GOAL OF THE EXERCISE:
Using the listing below, output only the lines from the one that contains "Figure 3. Serum antibody" through the one that contains "Итоги ViRush 2024: еще", inclusive, exactly as given and without images.

EXERCISE MATERIALS:

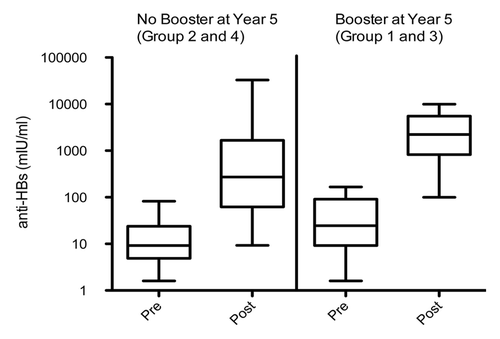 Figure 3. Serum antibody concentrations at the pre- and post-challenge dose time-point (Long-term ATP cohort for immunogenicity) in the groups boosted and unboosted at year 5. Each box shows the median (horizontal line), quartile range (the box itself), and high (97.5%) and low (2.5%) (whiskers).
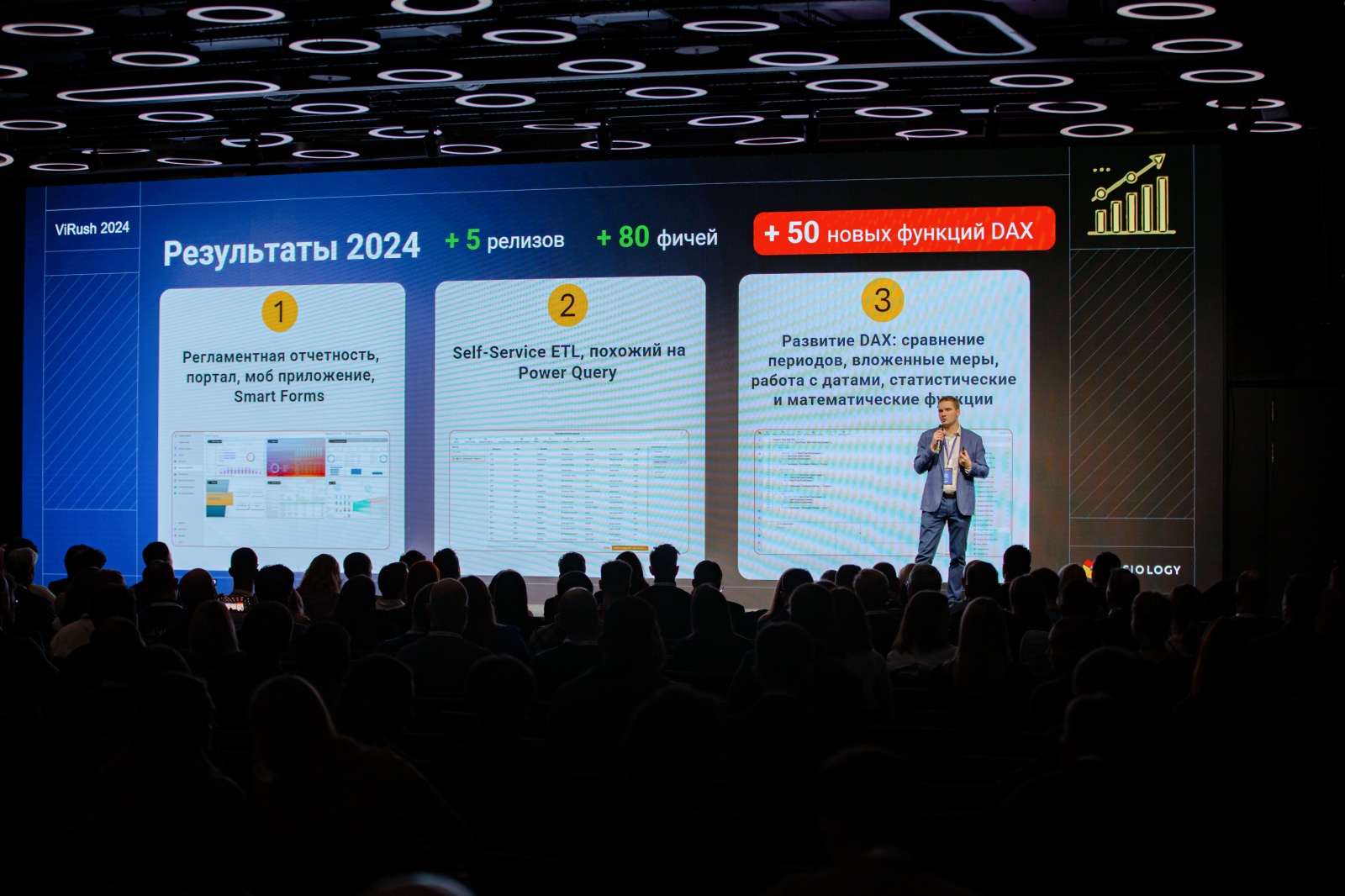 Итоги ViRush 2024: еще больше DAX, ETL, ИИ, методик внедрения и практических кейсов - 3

...

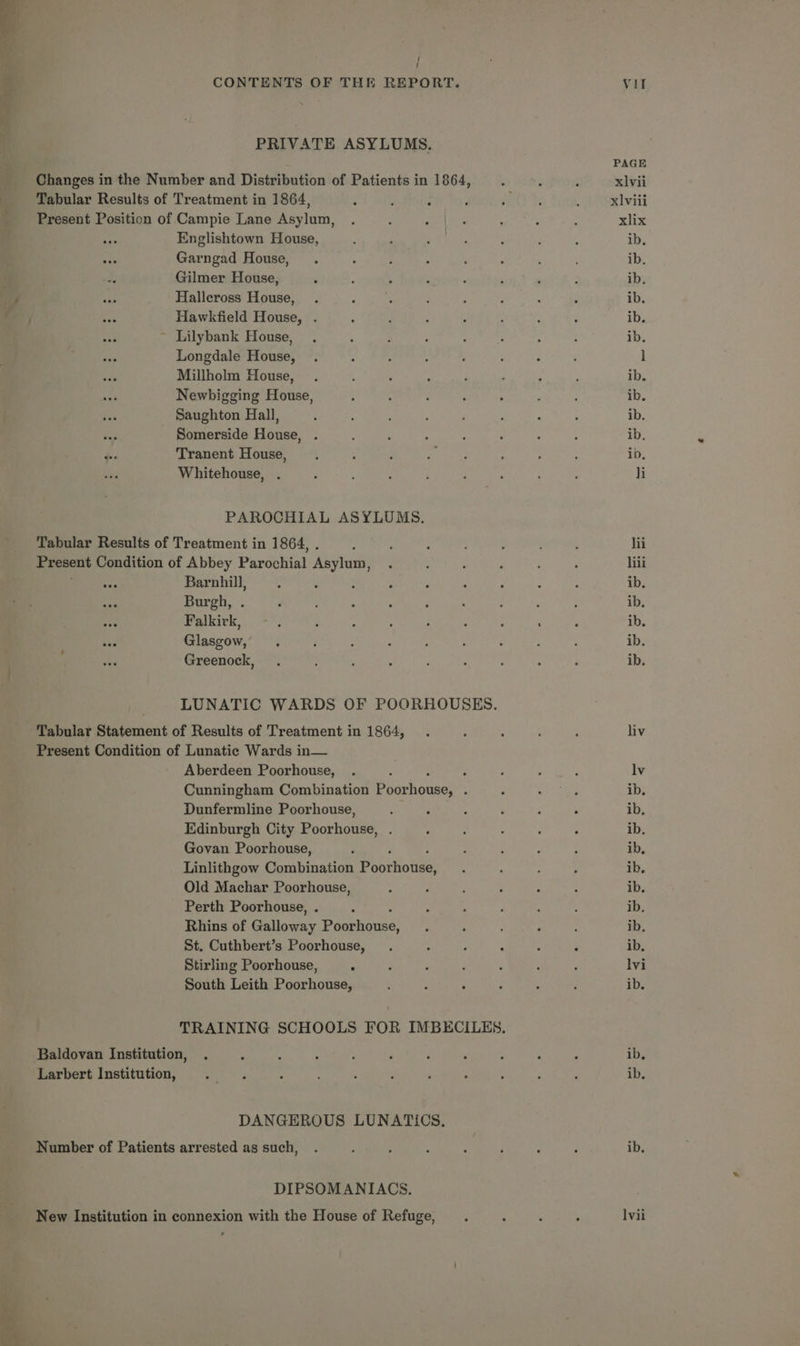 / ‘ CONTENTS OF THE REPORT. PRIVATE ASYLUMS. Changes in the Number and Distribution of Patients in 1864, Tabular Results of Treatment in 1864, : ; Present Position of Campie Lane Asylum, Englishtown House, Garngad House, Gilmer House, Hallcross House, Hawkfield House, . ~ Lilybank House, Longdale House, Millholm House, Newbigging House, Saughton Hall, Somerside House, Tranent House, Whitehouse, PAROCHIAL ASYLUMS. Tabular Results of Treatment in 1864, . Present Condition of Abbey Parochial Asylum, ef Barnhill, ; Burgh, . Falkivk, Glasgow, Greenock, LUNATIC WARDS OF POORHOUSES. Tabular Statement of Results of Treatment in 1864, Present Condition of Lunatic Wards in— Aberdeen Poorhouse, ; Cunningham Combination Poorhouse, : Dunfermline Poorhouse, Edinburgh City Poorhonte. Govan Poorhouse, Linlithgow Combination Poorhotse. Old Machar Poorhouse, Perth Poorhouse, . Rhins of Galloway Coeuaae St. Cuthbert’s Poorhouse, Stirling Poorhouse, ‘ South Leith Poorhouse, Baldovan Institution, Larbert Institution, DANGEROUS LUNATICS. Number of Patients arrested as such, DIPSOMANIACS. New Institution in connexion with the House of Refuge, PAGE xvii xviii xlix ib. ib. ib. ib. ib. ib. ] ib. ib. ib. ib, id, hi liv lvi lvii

RESULT BELOW:
 Figure 3. Serum antibody concentrations at the pre- and post-challenge dose time-point (Long-term ATP cohort for immunogenicity) in the groups boosted and unboosted at year 5. Each box shows the median (horizontal line), quartile range (the box itself), and high (97.5%) and low (2.5%) (whiskers).
 Итоги ViRush 2024: еще больше DAX, ETL, ИИ, методик внедрения и практических кейсов - 3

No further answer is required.